◆ Data records

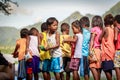 Filipino children standing in a line and holding snack in their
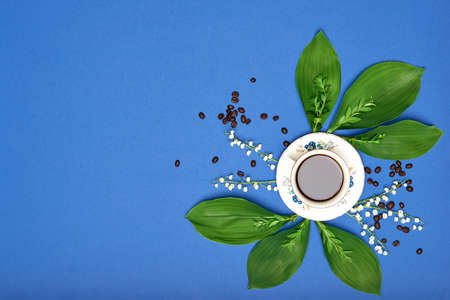 Cup of black coffee with flowers on blue coloured art background. Good Morning coffee floral setup...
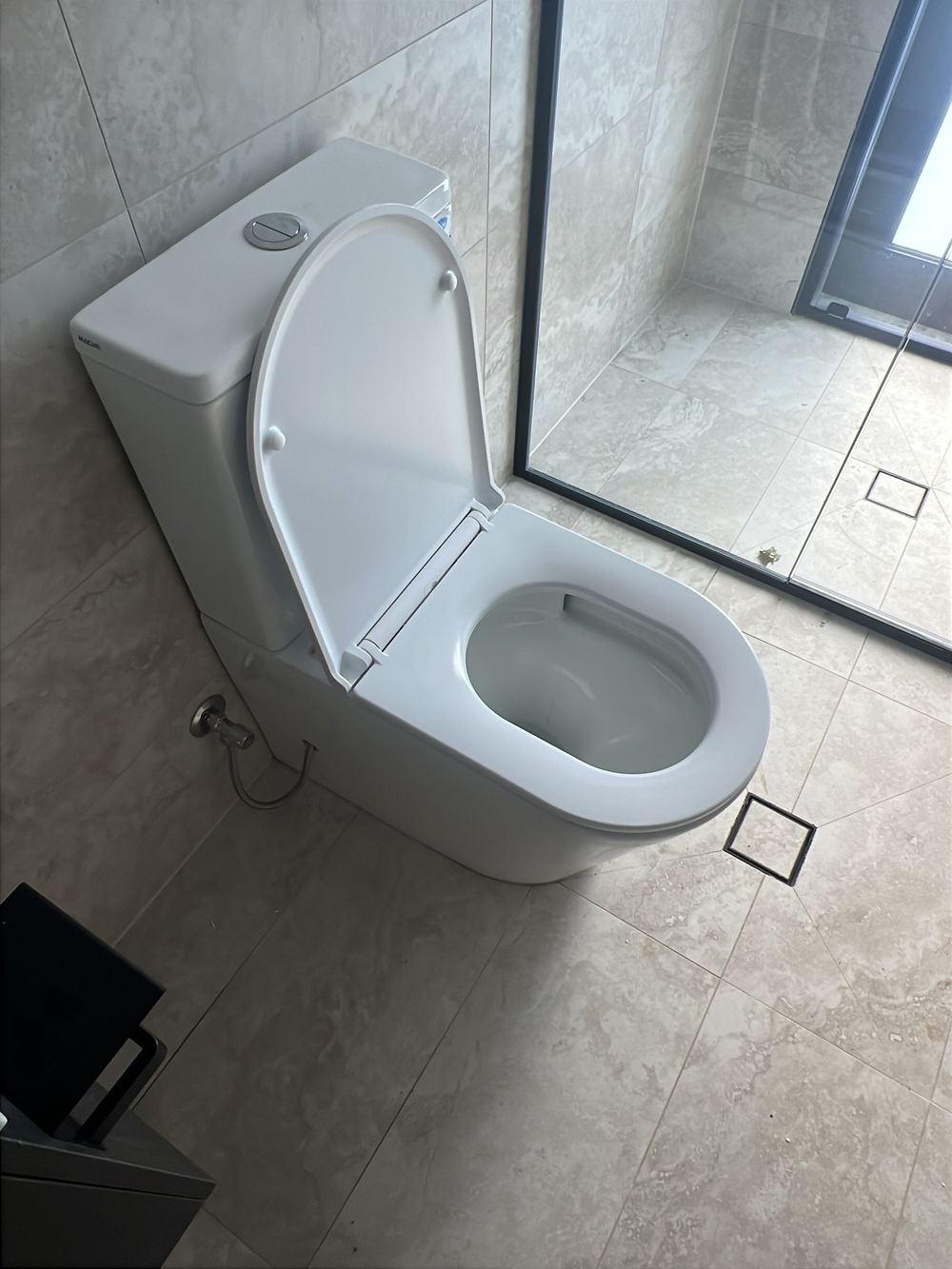 Toilet pan loose and not secured to the floor, found during a handover inspection in Cobbitty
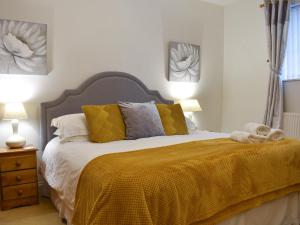 a bedroom with a bed with a yellow blanket at No 8 Harney Peak in Portinscale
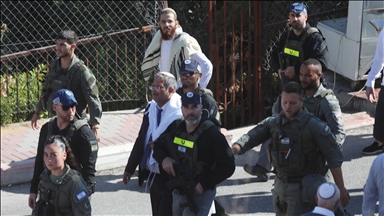 Protesters confront far-right Israeli national security minister, attack his wife in central Israel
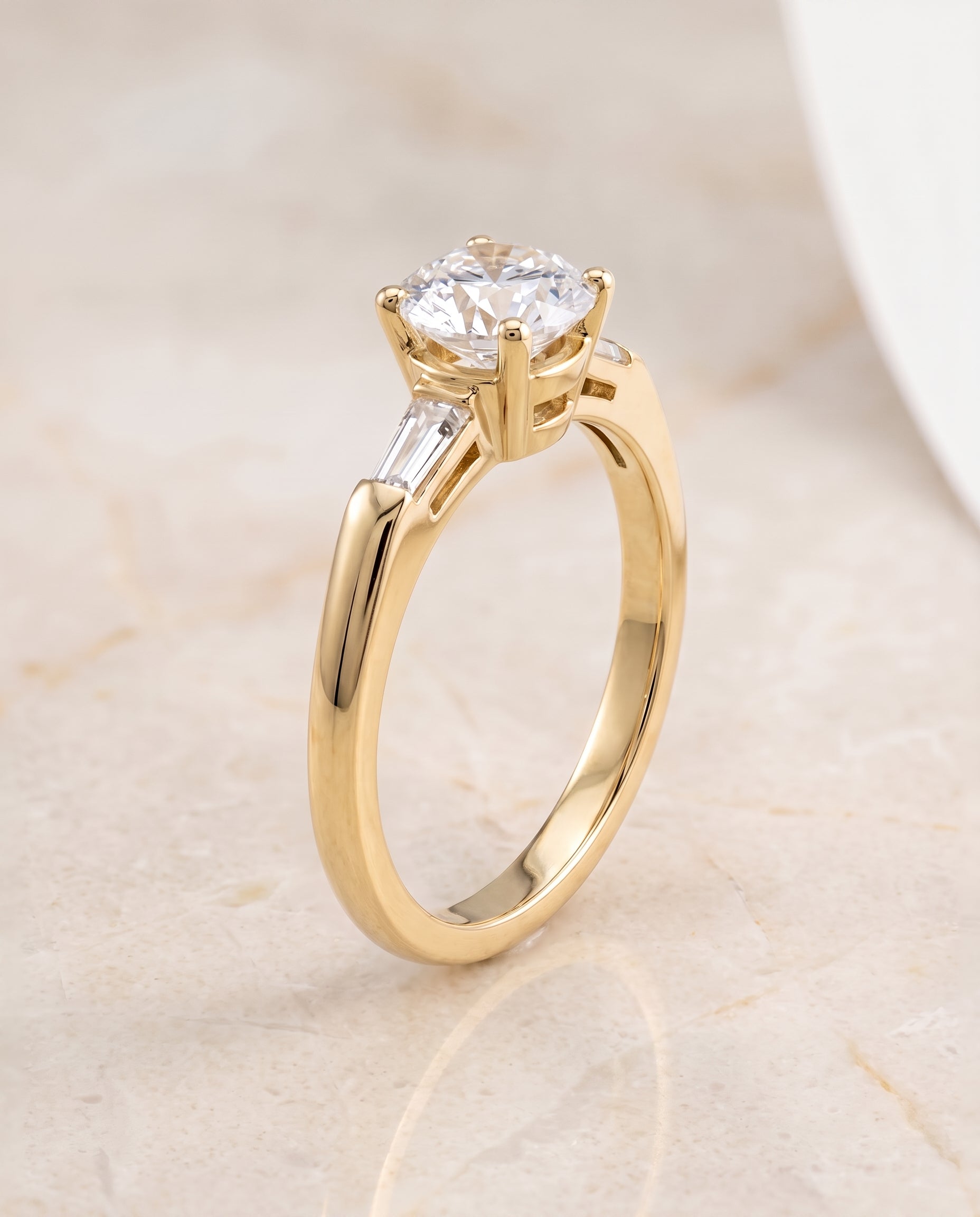 The Caroline Three Stone Round Engagement Ring Setting in 18K Yellow Gold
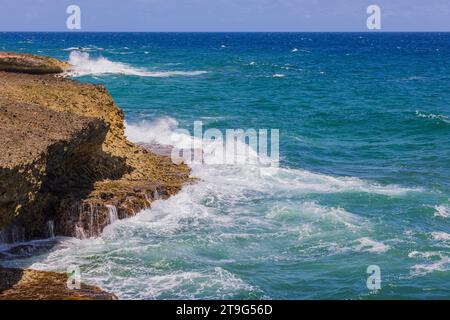 Le onde blu del Mar dei Caraibi si schiantano contro le coste rocciose dell'isola di Aruba. Foto Stock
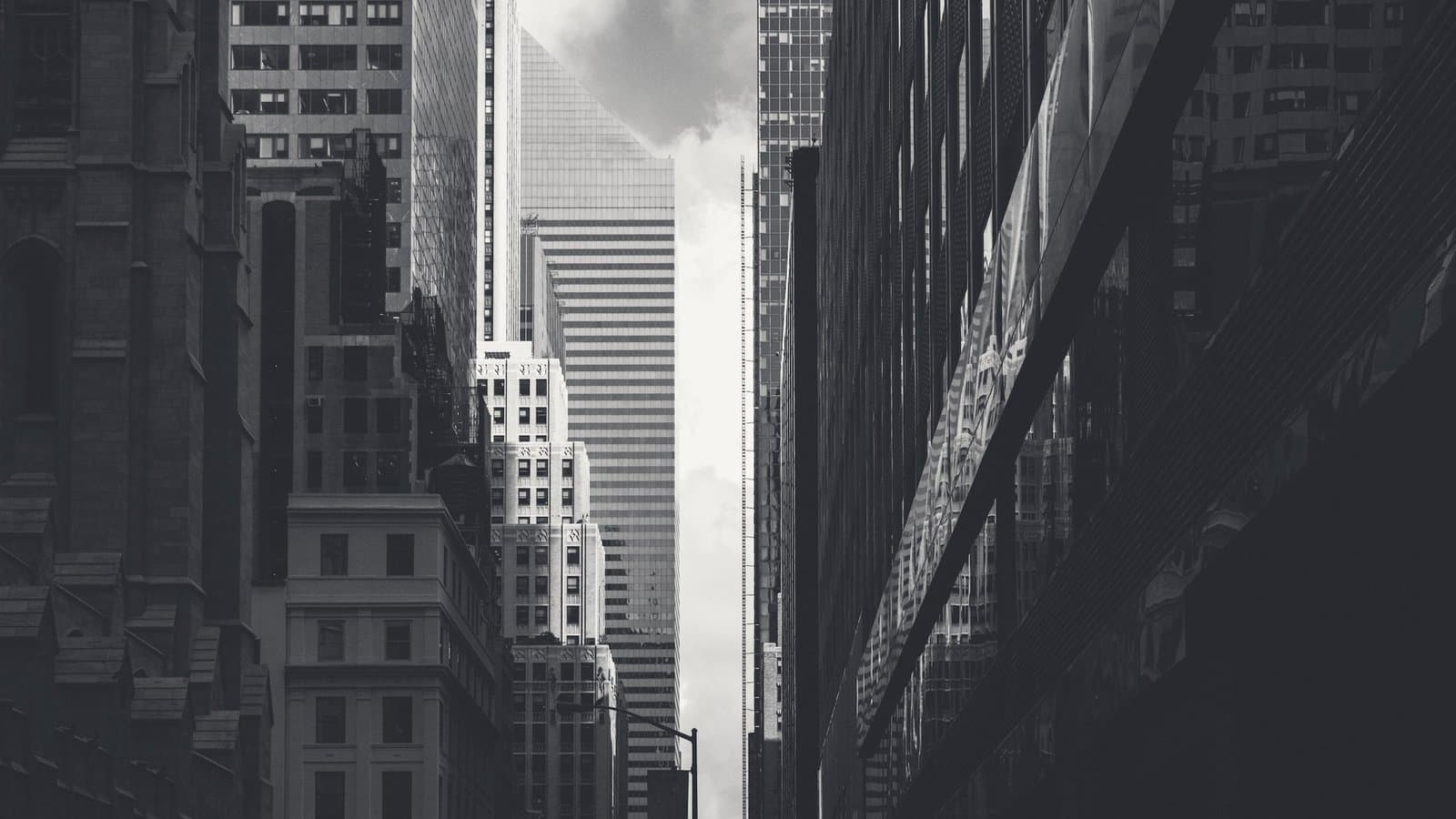 A midtown street canyon receding between towers.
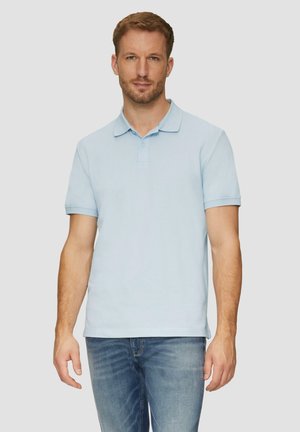 Helles blaues Poloshirt mit Kragen, kurzen Ärmeln und einer Knopfleiste mit zwei Knöpfen, aus weichem Baumwollgewebe, kombiniert mit Jeans.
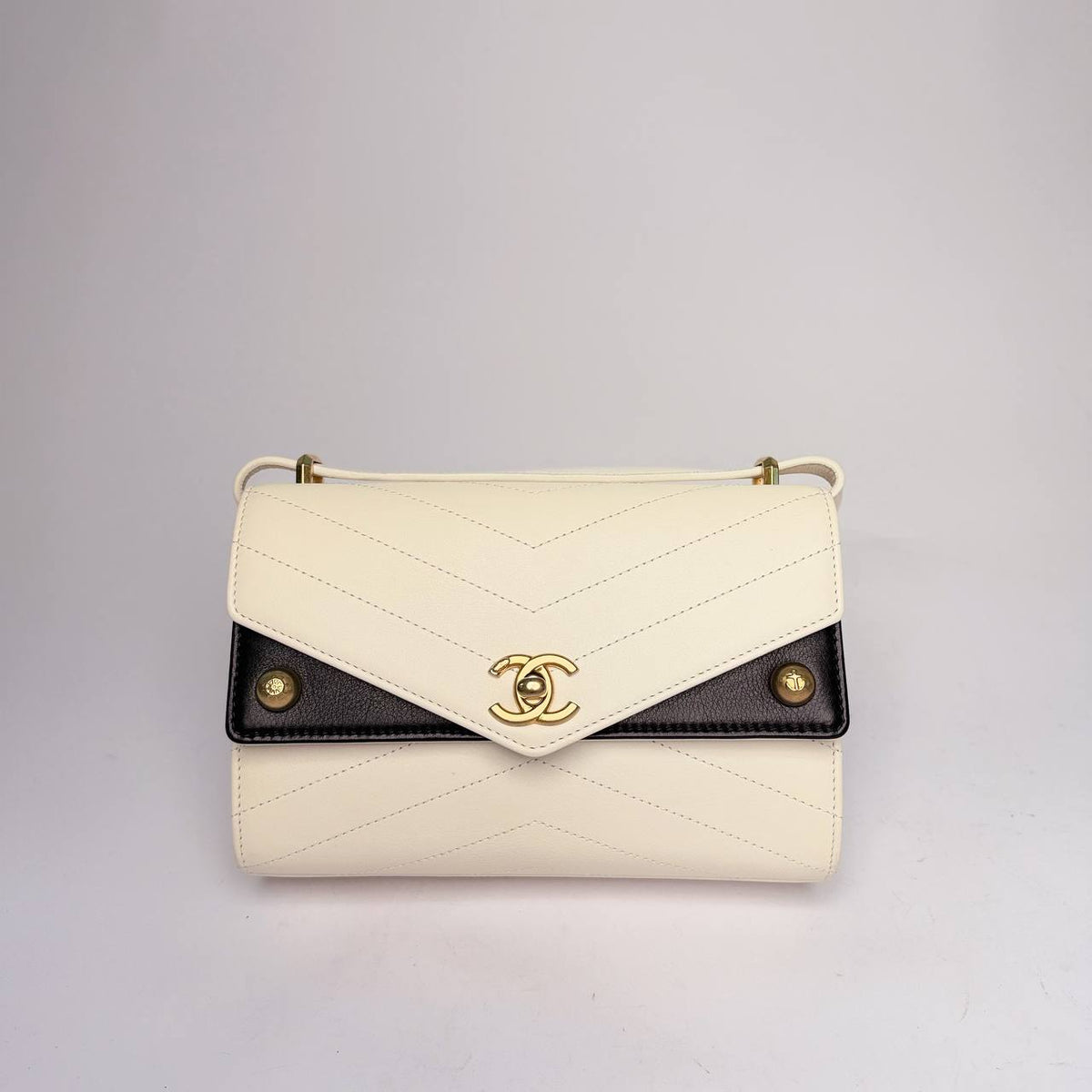 Chanel Chevron Envelope Flap Bag in white chevron leather with black side panels and gold-tone CC, front view
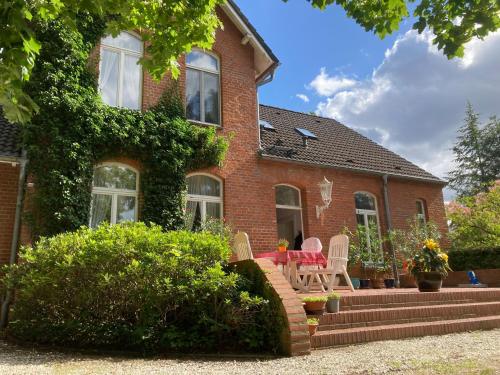 a house with a table and chairs in front of it at Landhaus Amalie in Malchow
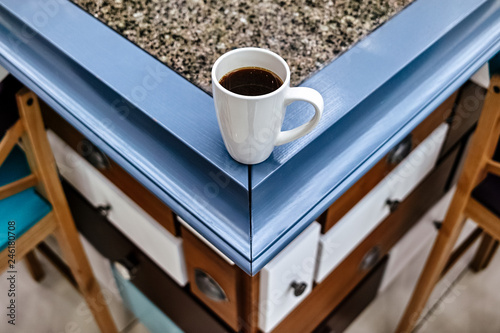 A cup of coffee on the bar photo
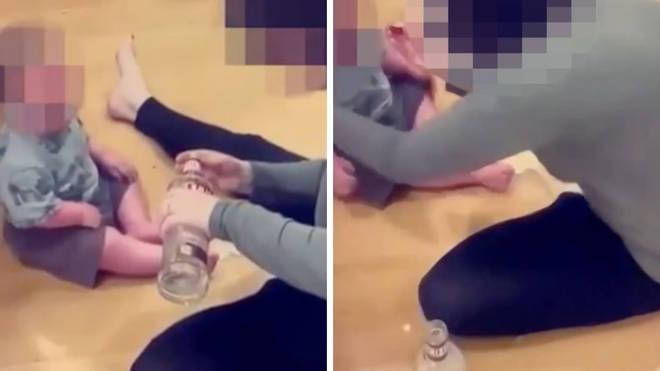 A baby has been seen drinking clear liquid from a vodka glass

◆ The problem
A clean copy is needed of the lines above from the one with "Toilet pan loose" up to and including the one with "A cup of coffee on the bar photo". Please set it down exactly, with no pictures.

◆ Worked solution
 Toilet pan loose and not secured to the floor, found during a handover inspection in Cobbitty
 a bedroom with a bed with a yellow blanket at No 8 Harney Peak in Portinscale
 Protesters confront far-right Israeli national security minister, attack his wife in central Israel
 The Caroline Three Stone Round Engagement Ring Setting in 18K Yellow Gold
 Le onde blu del Mar dei Caraibi si schiantano contro le coste rocciose dell'isola di Aruba. Foto Stock
 A midtown street canyon receding between towers.
 Helles blaues Poloshirt mit Kragen, kurzen Ärmeln und einer Knopfleiste mit zwei Knöpfen, aus weichem Baumwollgewebe, kombiniert mit Jeans.
 Chanel Chevron Envelope Flap Bag in white chevron leather with black side panels and gold-tone CC, front view
 a house with a table and chairs in front of it at Landhaus Amalie in Malchow
 A cup of coffee on the bar photo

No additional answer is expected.